We watched as the lead up to their same day release created a massive amount of hype, and naturally, a friendly rivalry that sparked a phenomenon known as “Barbenheimer.” Conversations and memes erupted online with the public discussing the most optimal order of watching each movie in one day. I can’t remember if we landed on Oppenheimer and then Barbie, or vice versa, but I prefer the latter. 

What’s even more notable is the way Barbie was able to completely dominate pop culture, from an Airbnb Dreamhouse and countless fashion and CPG brands releasing Barbie collaborations, to fans dressing up in their best Barbiecore outfits at movie theaters. It brings me back to the total insanity that the Twilight franchise created, but with probably 10x the marketing budget. 

That’s why what’s happening is relevant, though, and why we think it will continue. Since covid we’ve been missing the craze that gets built around a big blockbuster, and Hollywood strikes postponed the release of some highly anticipated movies, such as Dune and Deadpool 3 which are now confirmed for 2024. Let’s not forget that the two biggest pop stars in the world premiered the movie version of their world tours this year (thank you Taylor and Queen Bey), offering fans an alternative to paying thousands to attend a concert in person. 

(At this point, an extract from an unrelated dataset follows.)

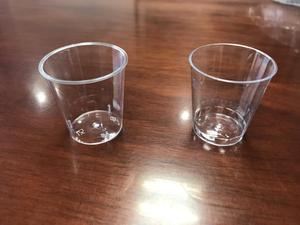 Tasses de fête en plastique à mur unique 1oz 24 pièces <span class=keywords><strong>Vaisselle</strong></span> pour verres liquides Ustensiles de cuisine Matériau PS - Product Image 5
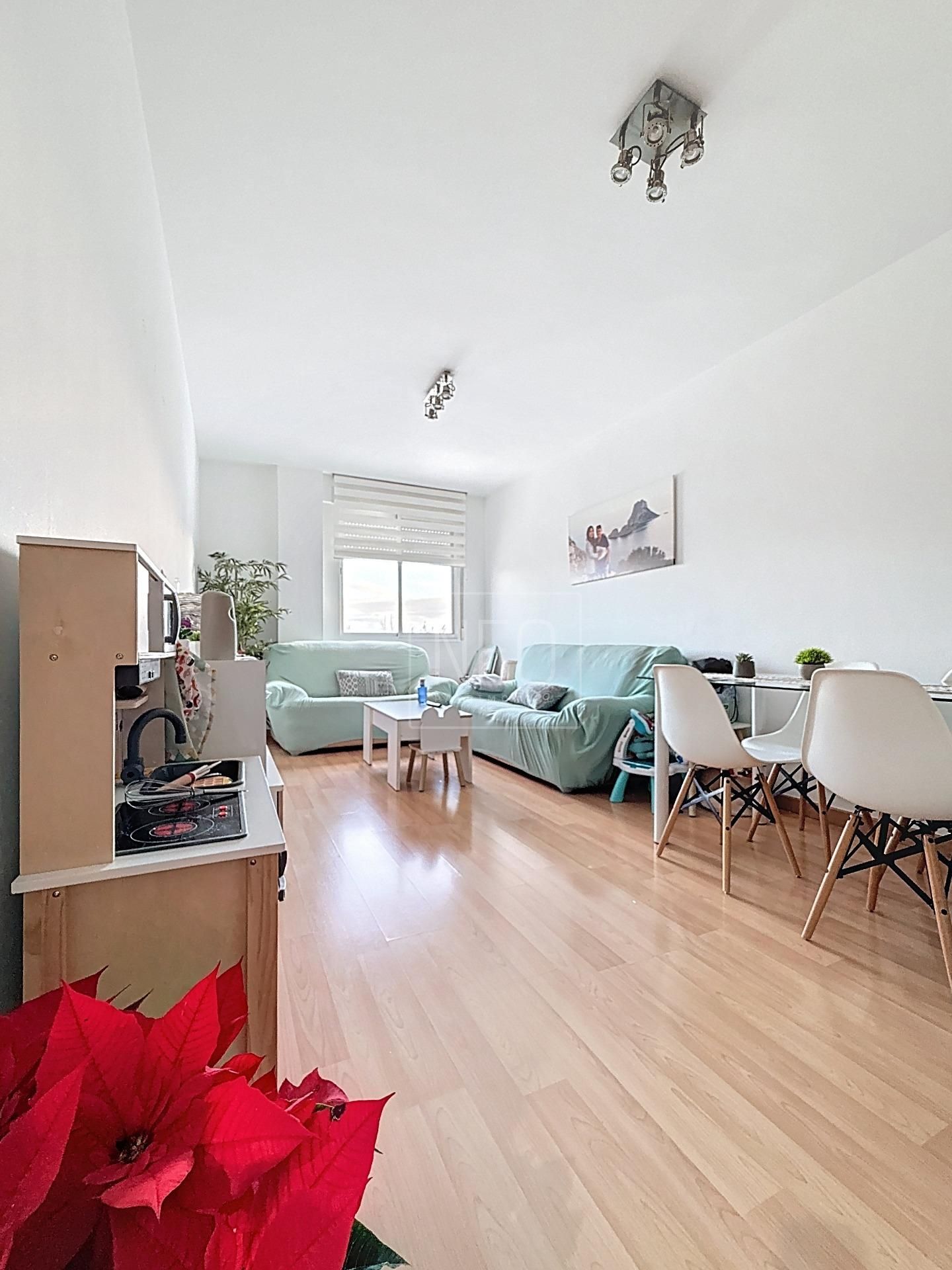 Sala d'estar de Pis en venda en Atarfe amb Aire condicionat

All in all there is great opportunity to keep this momentum going throughout 2024, largely because of the communities that were established among 2023’s big hits. Whether it be Barbie, Oppenheimer, or Taylor’s Eras tour, people gravitated towards movie theaters because of the experience, not just the films themselves.

3. It will be a year for sports and the people playing them

The Super Bowl will kick off next year with the always anticipated ads and at least one more cringey comment about Taylor Swift and Travis Kelce (whether the Chiefs make it there or not), but the real event to watch in 2024 is the Paris Summer Olympics, and specifically the olympians themselves. 

It’s obvious that these athletes will make headlines and capture loads of public interest, but it’s the why that I think will matter the most, and it doesn’t necessarily mean it will be a direct result of their performance. More and more athletes have chosen to candidly speak out about their mental health struggles, addressing the pressure they deal with not only from themselves but from the public who view a lot of sport as mere entertainment. Covid made this more apparent during the Tokyo Olympics where conversations around mental health were finally able to break through, with Simone Biles leading the way into a broader cultural discussion. 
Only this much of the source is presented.